One of the best sources for affordable DIY lighting control has been various hobbyists involved in the Xmas light animation groups. A few years ago Shelby Merrick started development on the ESPixelStick software and it has matured into a very full featured Wi-Fi based E1.31 (DMX over Ethernet) Pixel controller. It can drive up to 680 WS2811 pixels (4 DMX universes) or 63 GECE pixels. It can also be configured as an E1.31 to DMX bridge (1 DMX Universe) by connecting a RS-485 driver instead of pixels.
The ESPixelStick software will run on many different variants of hardware (anything ESP8266 based) and there are quite a few different versions available. The ESPixelPOPs is a PCB designed by Ukewarrior (based on an original design by Bill Porter). It is a very compact PCB (designed to fit in 1 PVC pipe) that only uses through hole parts (no SMD soldering required).
Here are a couple examples of the controllers I have setup using the ESPixelPOPs. The first one I use for testing Pixel displays. It has a pair of JST connectors (a typical connector used on various Pixel strips) and a couple of the 4 pin sockets that I use on some Xmas decorations. I use this controller with E1.31 test software (like da_Tester or sACNView) or with the Pixel control software (xLights or Jinx) to test and burn in pixels for various projects.

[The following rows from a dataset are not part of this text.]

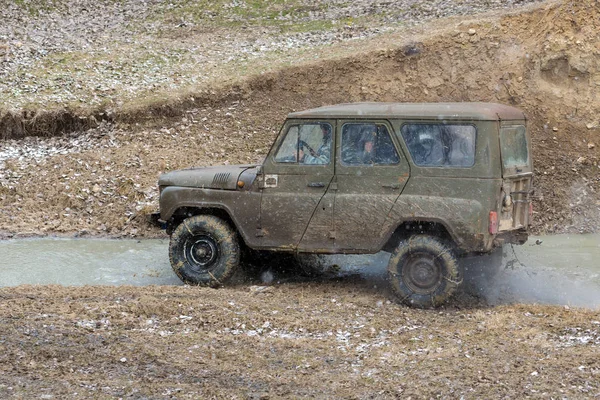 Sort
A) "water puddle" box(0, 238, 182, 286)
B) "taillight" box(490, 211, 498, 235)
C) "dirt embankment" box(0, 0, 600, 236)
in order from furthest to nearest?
1. "dirt embankment" box(0, 0, 600, 236)
2. "water puddle" box(0, 238, 182, 286)
3. "taillight" box(490, 211, 498, 235)

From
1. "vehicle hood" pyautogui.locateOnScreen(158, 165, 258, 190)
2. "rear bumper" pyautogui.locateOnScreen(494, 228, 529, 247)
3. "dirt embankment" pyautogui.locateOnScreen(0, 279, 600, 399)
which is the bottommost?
"dirt embankment" pyautogui.locateOnScreen(0, 279, 600, 399)

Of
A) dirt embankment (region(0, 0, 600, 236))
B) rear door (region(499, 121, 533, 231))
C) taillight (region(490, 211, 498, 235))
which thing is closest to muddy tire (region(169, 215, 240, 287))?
taillight (region(490, 211, 498, 235))

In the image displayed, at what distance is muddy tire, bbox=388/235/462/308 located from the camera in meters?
8.73

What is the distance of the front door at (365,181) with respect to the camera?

The next controller I built is one I use for controlling some large outdoor Xmas lights. This display has 10 large lights and I loop the Pixel data line from one to the next using 4 conductor cabling. Each light has a 20 foot Cat5 cable run (so 40 feet between lights) and I was getting strange glitches in the signaling until I added some SN74AHCT125N buffers in between each cable run. This cleaned up the signalling nicely. To the left of this controllers you can see a couple of test devices I made up consisting of a single pixel connected to a plug. These let me confirm operation of the controllers without having to setup up the whole display and they are very handy for troubleshooting.
This guide will show you how to build one:
A great feature of the ESPixelStick firmware is the ability to output DMX. Instead of driving pixels it send out a DMX signal. All you need to add is a RS-485 interfaces. You can get the MAX485 modules from AliExpress for less than 1 dollar. It easily connects to the ESPixelPOPs. Check out the DMX build guide for full details. I have added both 3 pin XLR and RJ45 outlets on this controller. This is a very cost effective way to get a E1.31 to DMX gateway when will let you use older DMX controlled fixtures in your Pixel display. This guide will show you how to make one:
While the ESPixelStick software is fantastic for running E1.31 controlled pixel animations sometimes you just need something simple. Something that doesn’t require streaming a complicated show from Xlights or Vixen. Of course the ESPixelStick does have some preset test sequences that may be all you need but what if you want soemthing more complex. An easy solution is to run WLED on your ESPixelPOP. I wouldn’t use it for streaming E1.31 (though it can do that) but it does give you a wide variety of canned lighting effects and sequences to play with. And it will run on your ESPixelPOP with no changes to the software or hardware!! This guide will show you the basics of installing it:
Note that the latest version of WLED (0.13.3) will still run on your ESPixelPOP. Just make sure you download the WLED_0.13.3_ESP01.bin file. The ESP01 version has all the WLED features except the OTA (Over The Air) firmware update (you need to use a connected USB/Serial dongle) to load new firmware)
Unicast vs Multicast
One of the issues you can run into using Wi-Fi when using the ESPixelStick firmware is network congestion. The ESP-01 Wi-Fimodules only use the 2.4G radio frequencies and this only allows for 3 different radio channels to be used at the same time. You can run into buffering issues when streaming the real-time E1.31 data in a area that is congested with other Wi-Fi users. The solution is to use multicast instead of unicast. It takes a bit to get you head around it but here are some links to good information:
The issue revolves around how Wi-Fi treats the unicast UDP packets. You would expect that unicast UDP traffic works in the Wi-Fi world the same as it does in the wired world. In a wired network a UDP packet is essentially fire and forget. The packet gets sent one, if it makes it to the destination that’s great. If not it’s up to the receiver to deal with it. In E1.31 (ACN) traffic a missed packet is no big deal as another one is coming in 50 mSec. This is the reason that UDP traffic is used for streaming type protocols.
The issue is the the Wi-Fi physical layer (Layer 1) actually keep track of UDP packets and wants to acknowledge them. If a few get missed they system can quickly bog down due to the relentless stream of new packets. This goes against logic but that is how it works. If you are having issues using unicast, make move to multicast where this mechanism does not exist.